The situation was aggravated in that corrupt captains pocketed much of the money given them to feed the Portuguese men dispatched east, starving them en route, depositing them on the shore of India or eastward in such a debilitated state that death soon followed. Setting aside the inhumanity of such actions, it was an unconscionable waste of the most precious resource Portugal had to give – her young men. The essential Portuguese fortress of Malacca in the Moluccas, always precariously held, was never manned by more than 600 Portuguese, and usually held as few as 200 men, yet it was the linchpin that kept the spice empire together. There was no greater failure on the part of Manuel and his son, John III, than properly to manage the gift they had been given by the lives of Portuguese seamen. Nevertheless, so many young men left Portugal to seek fortune in Asia that vast tracks of land were abandoned and towns were reported denuded of population. Agricultural production fell and a portion of the new wealth was required to buy grain to feed the swelling populace of Lisbon.

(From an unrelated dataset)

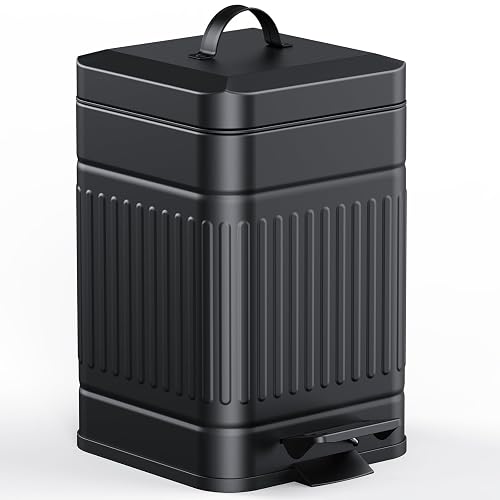 Small Trash Can with Lid-1.3 Gal-Dog Poop Trash Can Outside-Black | Soft-Close Lid, Step Pedal, Odor Control, Stainless Steel Dog Poop Garbage Can, Dog Waste Bin for Outdoor Backyard, Indoor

Few women emigrated, and cohabitation and marriage with the indigenous peoples was officially tolerated, even encouraged. The children of these relationships were accepted into the civil service and armed forces of the Portuguese. Still, it is estimated there were never more than 10,000 able-bodied Portuguese and Eurasians available for service in the East at any one time. The Portuguese fleet that sustained the empire never numbered more than 300. In the East the great carracks of 1,000 to 2,000 tons were manned largely by Eurasians and African slaves commanded by a handful of Portuguese officers and gunners.
From such a lofty height there was nowhere to go but down. The Portuguese were quickly overextended and vulnerable to outsiders. The Turks had great success against Portuguese shipping in the mid-sixteenth century; Molucca was frequently blockaded by fleets from Java; the Malays enjoyed frequent successes against the Portuguese, as did both Hindu and Muslim raiders along the west coast of India.
Most significantly, the Portuguese established the opening through which much of Europe raced, for in the end the royal advisers to Manuel proved correct. Portugal was too small for such an ambitious expansion of empire. Even Dom Vasco da Gama urged the king to pull back from the maximum extension of influence, to consolidate what could be maintained. But what the Japanese would term ‘victory fever’in the first months of World War II had seized the Portuguese, and there was no turning back from what could be taken, until it in turn was taken from them. More powerful rivals – the Dutch, English and Spanish –successfully wrested away their monopoly of the sea trade route to the East, though the Portuguese remained dominant players for centuries.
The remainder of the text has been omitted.